Nada melhor para falar de política que meter a literatura pelo meio.
Portugal tem tantos institutos públicos como tem impostos no activo para as empresas e os empresários. Dizem as associações que são mais de quatro mil. Quando li a notícia não quis acreditar, mas é verdade, e mesmo que não tenha ido procurar como é possível um Estado ter quatro mil impostos activos não deixei de pensar no assunto.
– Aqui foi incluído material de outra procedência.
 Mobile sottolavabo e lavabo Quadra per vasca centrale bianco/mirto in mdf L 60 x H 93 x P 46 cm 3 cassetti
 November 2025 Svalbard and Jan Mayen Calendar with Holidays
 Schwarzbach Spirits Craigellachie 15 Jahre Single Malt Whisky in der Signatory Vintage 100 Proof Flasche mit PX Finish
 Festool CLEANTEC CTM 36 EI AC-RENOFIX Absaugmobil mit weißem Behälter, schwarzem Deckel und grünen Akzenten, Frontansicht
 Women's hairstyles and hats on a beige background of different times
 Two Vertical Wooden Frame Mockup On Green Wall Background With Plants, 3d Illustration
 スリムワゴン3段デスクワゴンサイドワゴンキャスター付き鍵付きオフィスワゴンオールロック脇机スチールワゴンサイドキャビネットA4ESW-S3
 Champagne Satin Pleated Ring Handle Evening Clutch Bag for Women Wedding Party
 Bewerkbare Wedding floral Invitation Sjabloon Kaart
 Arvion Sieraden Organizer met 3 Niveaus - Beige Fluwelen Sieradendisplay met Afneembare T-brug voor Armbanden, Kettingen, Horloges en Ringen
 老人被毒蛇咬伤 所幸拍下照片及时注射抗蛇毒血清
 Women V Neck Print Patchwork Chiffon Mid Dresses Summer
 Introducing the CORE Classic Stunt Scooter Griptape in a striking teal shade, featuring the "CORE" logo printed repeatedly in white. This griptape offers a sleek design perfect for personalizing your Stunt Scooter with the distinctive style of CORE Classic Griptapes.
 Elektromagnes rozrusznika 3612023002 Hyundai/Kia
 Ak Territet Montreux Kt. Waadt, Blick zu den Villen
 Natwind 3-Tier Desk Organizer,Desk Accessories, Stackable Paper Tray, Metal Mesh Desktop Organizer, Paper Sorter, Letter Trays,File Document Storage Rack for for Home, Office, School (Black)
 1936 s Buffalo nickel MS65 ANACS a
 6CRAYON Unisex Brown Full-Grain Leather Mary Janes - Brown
Por causa de uma frase de José Saramago, cuja obra também vive comigo todos os dias, consegui desenvolver alergia aos políticos de meia tigela que vivem à sombra dos cargos dos institutos públicos, saltando de um para outro ao longo dos anos como as raposas saltam de galinheiro em galinheiro. “O heróico num ser humano é não pertencer a um rebanho”.
Estou a escrever com a “História do Cerco de Lisboa” na mala para amanhã viajar bem acompanhado. Dizem que é um dos seus melhores livros, mas também já diziam isso de “Todos os Nomes” e não é definitivamente melhor do que “Manual de Pintura e Caligrafia”, provavelmente um dos menos lidos e talvez um dos melhores e mais biográficos, embora bem anterior a tudo o que Saramago escreveu já como escritor famoso.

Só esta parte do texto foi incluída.